Diastolische bloeddruk – het laagste van de twee getallen in een bloeddrukmeting – veroorzaakt hoogstwaarschijnlijk neurotische persoonlijkheidskenmerken, vindt onderzoek gepubliceerd in het open access-tijdschrift General Psychiatry.
En het onder controle houden kan neurotisch gedrag, angst en hart- en vaatziekten helpen beteugelen, concluderen de onderzoekers.

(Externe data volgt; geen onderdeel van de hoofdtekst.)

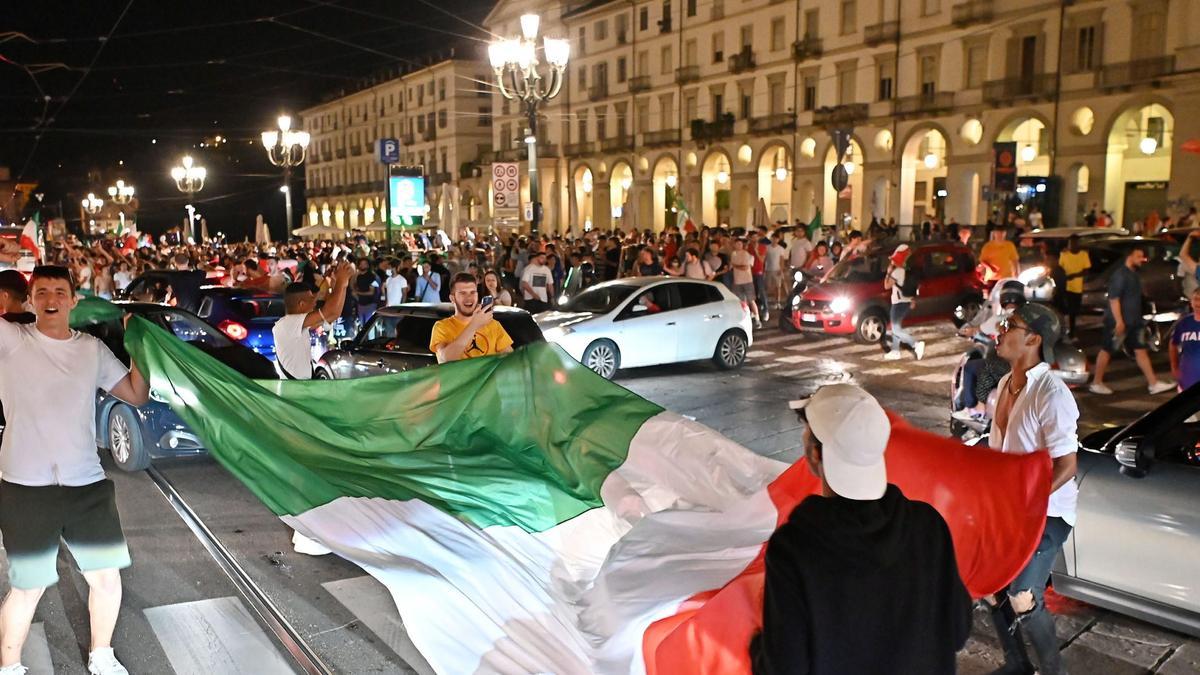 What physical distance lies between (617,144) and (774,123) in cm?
1584

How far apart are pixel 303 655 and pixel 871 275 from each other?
15302 mm

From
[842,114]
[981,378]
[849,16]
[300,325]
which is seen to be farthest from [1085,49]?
[300,325]

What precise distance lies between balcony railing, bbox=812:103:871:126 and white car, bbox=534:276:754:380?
3740 centimetres

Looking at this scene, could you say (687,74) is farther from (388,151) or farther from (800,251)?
(800,251)

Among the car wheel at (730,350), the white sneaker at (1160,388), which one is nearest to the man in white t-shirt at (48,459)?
the car wheel at (730,350)

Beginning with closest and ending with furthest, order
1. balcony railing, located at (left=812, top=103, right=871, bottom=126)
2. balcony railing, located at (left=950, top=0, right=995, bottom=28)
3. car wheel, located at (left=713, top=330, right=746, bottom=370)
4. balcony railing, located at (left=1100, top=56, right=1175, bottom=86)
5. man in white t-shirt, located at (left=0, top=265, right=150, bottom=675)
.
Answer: man in white t-shirt, located at (left=0, top=265, right=150, bottom=675), car wheel, located at (left=713, top=330, right=746, bottom=370), balcony railing, located at (left=1100, top=56, right=1175, bottom=86), balcony railing, located at (left=950, top=0, right=995, bottom=28), balcony railing, located at (left=812, top=103, right=871, bottom=126)

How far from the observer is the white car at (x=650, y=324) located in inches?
577

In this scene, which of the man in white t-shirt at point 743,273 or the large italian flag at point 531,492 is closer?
the large italian flag at point 531,492

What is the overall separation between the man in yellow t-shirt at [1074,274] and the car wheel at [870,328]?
9.84ft

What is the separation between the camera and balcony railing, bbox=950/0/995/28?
4412 cm

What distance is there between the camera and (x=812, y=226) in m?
28.7

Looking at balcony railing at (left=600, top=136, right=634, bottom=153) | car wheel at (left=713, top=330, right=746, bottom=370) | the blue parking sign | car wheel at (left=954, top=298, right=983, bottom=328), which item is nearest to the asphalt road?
car wheel at (left=713, top=330, right=746, bottom=370)

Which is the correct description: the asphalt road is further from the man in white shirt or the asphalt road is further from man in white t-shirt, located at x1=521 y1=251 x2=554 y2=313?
man in white t-shirt, located at x1=521 y1=251 x2=554 y2=313

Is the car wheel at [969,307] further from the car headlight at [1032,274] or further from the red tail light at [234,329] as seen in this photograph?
the red tail light at [234,329] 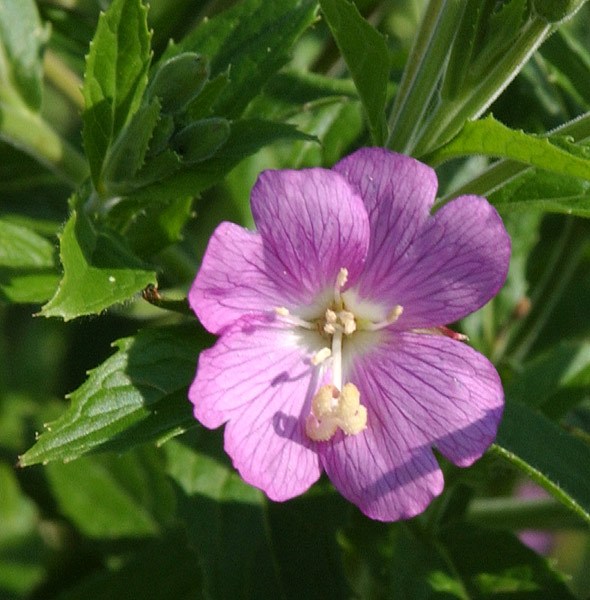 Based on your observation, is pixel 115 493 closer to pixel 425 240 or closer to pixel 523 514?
pixel 523 514

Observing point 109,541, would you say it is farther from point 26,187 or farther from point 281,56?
point 281,56

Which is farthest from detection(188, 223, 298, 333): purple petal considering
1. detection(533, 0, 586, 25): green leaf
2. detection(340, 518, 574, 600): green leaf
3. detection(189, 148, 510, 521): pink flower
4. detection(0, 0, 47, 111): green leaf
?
detection(0, 0, 47, 111): green leaf

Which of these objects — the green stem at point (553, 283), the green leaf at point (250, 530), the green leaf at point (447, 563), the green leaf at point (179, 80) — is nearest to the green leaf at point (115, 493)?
the green leaf at point (250, 530)

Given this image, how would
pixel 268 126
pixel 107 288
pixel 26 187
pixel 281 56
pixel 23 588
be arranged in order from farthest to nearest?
pixel 23 588 → pixel 26 187 → pixel 281 56 → pixel 268 126 → pixel 107 288

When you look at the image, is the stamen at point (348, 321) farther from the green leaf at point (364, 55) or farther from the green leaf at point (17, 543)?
the green leaf at point (17, 543)

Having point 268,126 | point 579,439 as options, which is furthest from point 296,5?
point 579,439

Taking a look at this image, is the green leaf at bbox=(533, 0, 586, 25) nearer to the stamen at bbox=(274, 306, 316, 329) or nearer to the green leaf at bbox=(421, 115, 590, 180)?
the green leaf at bbox=(421, 115, 590, 180)
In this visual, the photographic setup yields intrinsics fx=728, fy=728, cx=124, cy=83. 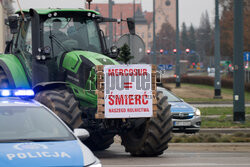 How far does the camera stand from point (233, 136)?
57.9ft

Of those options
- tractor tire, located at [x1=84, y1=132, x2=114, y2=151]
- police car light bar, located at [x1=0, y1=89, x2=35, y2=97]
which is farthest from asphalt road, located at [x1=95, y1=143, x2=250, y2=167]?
police car light bar, located at [x1=0, y1=89, x2=35, y2=97]

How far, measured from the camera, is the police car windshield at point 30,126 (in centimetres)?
826

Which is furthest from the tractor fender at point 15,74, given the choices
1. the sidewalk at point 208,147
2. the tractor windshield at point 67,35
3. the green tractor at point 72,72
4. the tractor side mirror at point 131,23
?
the sidewalk at point 208,147

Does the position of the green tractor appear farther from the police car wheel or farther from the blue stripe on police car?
the blue stripe on police car

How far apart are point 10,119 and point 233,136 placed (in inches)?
389

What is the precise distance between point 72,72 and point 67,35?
1.06m

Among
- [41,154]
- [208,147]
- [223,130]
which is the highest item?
[41,154]

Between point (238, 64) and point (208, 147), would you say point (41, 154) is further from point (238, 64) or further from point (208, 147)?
point (238, 64)

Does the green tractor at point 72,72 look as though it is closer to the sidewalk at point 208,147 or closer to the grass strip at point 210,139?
the sidewalk at point 208,147

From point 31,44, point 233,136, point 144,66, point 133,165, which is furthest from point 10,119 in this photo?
point 233,136

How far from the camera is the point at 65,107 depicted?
1294 cm

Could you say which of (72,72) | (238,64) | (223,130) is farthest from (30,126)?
(238,64)

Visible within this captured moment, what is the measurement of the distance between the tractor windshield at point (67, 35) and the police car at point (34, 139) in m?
4.74

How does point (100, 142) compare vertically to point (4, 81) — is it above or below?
below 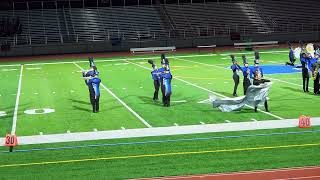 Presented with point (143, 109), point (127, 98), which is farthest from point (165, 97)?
point (127, 98)

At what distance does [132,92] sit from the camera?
873 inches

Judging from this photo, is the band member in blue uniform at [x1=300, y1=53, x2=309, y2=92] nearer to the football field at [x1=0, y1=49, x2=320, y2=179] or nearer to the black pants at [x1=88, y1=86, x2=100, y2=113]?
the football field at [x1=0, y1=49, x2=320, y2=179]

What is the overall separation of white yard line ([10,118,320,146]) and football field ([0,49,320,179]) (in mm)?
388

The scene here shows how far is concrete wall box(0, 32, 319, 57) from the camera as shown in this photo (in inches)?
1658

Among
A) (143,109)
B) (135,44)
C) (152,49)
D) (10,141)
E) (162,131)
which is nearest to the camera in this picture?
(10,141)

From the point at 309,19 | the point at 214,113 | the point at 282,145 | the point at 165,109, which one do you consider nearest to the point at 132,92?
the point at 165,109

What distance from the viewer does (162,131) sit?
14.9 m

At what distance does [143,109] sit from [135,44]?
2688 centimetres

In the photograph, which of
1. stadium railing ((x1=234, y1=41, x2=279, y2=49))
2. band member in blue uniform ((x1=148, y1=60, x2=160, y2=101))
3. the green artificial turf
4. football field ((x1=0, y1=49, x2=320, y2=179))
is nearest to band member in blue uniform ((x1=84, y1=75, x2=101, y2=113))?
football field ((x1=0, y1=49, x2=320, y2=179))

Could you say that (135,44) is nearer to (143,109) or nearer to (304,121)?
(143,109)

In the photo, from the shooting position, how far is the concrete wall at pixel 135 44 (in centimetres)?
4212

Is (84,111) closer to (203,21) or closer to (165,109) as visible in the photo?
(165,109)

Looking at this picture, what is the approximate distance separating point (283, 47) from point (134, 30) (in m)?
12.4

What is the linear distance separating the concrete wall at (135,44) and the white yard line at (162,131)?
2861cm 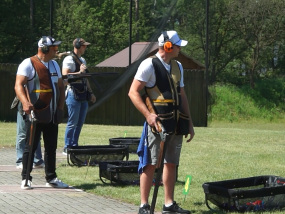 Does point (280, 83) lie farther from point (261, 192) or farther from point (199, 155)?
point (261, 192)

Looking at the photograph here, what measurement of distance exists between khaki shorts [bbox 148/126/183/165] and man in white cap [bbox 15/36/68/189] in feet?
7.57

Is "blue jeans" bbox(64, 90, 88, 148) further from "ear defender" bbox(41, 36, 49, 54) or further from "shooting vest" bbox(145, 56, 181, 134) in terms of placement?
"shooting vest" bbox(145, 56, 181, 134)

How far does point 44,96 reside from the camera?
9148mm

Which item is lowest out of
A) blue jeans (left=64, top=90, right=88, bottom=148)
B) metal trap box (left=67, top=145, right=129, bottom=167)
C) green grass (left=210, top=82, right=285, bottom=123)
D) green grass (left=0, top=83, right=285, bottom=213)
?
green grass (left=210, top=82, right=285, bottom=123)

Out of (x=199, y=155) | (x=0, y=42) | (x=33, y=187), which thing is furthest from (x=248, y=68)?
(x=33, y=187)

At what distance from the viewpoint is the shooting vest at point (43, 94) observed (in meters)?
9.09

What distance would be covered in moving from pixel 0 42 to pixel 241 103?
14530mm

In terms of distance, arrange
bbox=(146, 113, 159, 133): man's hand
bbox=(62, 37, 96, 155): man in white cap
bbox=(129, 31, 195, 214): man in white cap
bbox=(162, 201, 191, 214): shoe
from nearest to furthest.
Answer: bbox=(146, 113, 159, 133): man's hand < bbox=(129, 31, 195, 214): man in white cap < bbox=(162, 201, 191, 214): shoe < bbox=(62, 37, 96, 155): man in white cap

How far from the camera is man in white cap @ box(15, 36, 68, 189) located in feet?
29.8

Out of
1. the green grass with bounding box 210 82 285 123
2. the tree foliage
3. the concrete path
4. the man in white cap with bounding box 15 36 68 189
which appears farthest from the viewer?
the green grass with bounding box 210 82 285 123

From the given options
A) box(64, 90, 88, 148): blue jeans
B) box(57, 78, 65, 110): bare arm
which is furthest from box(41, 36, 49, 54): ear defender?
box(64, 90, 88, 148): blue jeans

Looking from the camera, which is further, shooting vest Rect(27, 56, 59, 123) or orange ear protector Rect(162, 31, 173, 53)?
shooting vest Rect(27, 56, 59, 123)

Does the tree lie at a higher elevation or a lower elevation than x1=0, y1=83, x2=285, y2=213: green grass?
higher

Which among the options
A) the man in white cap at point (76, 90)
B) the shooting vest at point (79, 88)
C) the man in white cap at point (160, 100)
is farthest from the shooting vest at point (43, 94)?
the shooting vest at point (79, 88) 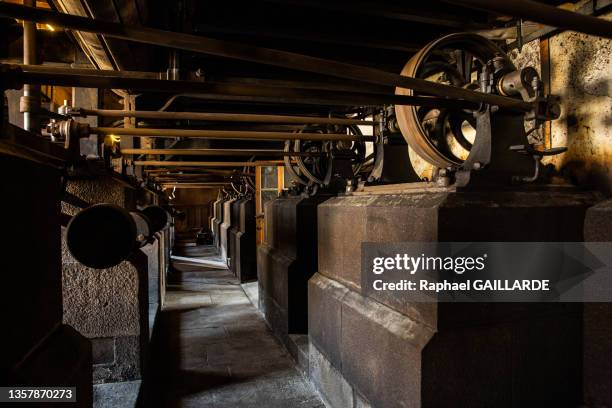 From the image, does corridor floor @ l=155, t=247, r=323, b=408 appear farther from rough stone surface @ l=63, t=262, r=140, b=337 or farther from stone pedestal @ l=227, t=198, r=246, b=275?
stone pedestal @ l=227, t=198, r=246, b=275

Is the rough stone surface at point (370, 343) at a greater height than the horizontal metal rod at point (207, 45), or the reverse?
the horizontal metal rod at point (207, 45)

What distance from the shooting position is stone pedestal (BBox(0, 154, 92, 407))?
121 cm

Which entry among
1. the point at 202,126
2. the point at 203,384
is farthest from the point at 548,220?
the point at 202,126

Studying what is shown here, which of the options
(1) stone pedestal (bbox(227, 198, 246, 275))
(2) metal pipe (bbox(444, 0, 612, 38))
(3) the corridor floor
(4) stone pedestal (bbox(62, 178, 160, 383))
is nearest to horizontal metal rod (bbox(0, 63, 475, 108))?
(2) metal pipe (bbox(444, 0, 612, 38))

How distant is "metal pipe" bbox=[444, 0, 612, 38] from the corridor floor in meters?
2.88

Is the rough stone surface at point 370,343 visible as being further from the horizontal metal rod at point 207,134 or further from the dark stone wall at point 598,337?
the horizontal metal rod at point 207,134

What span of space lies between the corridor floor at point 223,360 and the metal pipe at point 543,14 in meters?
2.88

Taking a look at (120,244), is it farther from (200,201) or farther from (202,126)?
(200,201)

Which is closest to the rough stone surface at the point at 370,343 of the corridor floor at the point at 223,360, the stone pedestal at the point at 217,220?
the corridor floor at the point at 223,360

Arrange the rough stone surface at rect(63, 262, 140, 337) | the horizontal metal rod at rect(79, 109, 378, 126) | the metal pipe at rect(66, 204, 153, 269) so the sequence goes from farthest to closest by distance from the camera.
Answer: the rough stone surface at rect(63, 262, 140, 337) → the horizontal metal rod at rect(79, 109, 378, 126) → the metal pipe at rect(66, 204, 153, 269)

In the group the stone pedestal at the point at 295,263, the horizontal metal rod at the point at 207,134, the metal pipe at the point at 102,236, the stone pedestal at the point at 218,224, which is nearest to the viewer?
the metal pipe at the point at 102,236

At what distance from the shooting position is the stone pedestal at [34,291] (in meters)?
1.21

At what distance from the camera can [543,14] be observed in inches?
50.9

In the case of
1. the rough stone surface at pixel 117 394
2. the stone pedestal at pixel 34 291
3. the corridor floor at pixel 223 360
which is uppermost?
the stone pedestal at pixel 34 291
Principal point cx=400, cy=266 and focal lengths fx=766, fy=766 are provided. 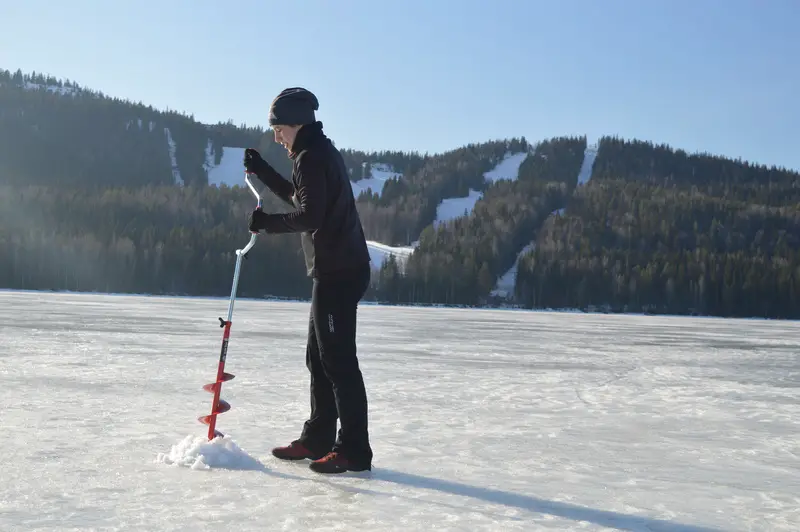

Hoge bloeddruk is een groot risico op hart- en vaatziekten en wordt in verband gebracht met psychologische factoren, zoals angst, depressie en neuroticisme, een persoonlijkheidskenmerk dat wordt gekenmerkt door gevoeligheid voor negatieve emoties, waaronder angst en depressie.
Maar welke oorzaken wat is niet helemaal duidelijk.
Om daar achter te komen, gebruikten de onderzoekers een techniek genaamd Mendeliaanse randomisatie. Dit gebruikt genetische varianten als proxy’s voor een bepaalde risicofactor – in dit geval bloeddruk – om genetisch bewijs te verkrijgen ter ondersteuning van een oorzakelijk verband, waardoor de vooroordelen die inherent zijn aan observationele studies worden verminderd.
Tussen 30% en 60% van de bloeddruk is te wijten aan genetische factoren, en meer dan 1000 genetische single-nucleotide polymorfismen, of kortweg SNP’s, zijn ermee geassocieerd. SNP’s helpen bij het voorspellen van iemands reactie op bepaalde medicijnen, gevoeligheid voor omgevingsfactoren en hun risico op het ontwikkelen van ziekten.
De onderzoekers putten uit 8 grootschalige studiedatasets met volledig genoom-DNA dat was geëxtraheerd uit bloedmonsters van mensen van overwegend Europese afkomst (genoombrede associatiestudies).
Ze pasten Mendeliaanse randomisatie toe op de 4 kenmerken van bloeddruk: systolische bloeddruk (736.650 monsters), diastolische bloeddruk (736.650), polsdruk (systolische minus diastolische bloeddruk; 736.650) en hoge bloeddruk (boven 140/90 mm Hg ; 463.010) met 4 psychologische toestanden: angst (463.010 monsters), depressieve symptomen (180.866), neuroticisme (170.911) en subjectief welzijn (298.420).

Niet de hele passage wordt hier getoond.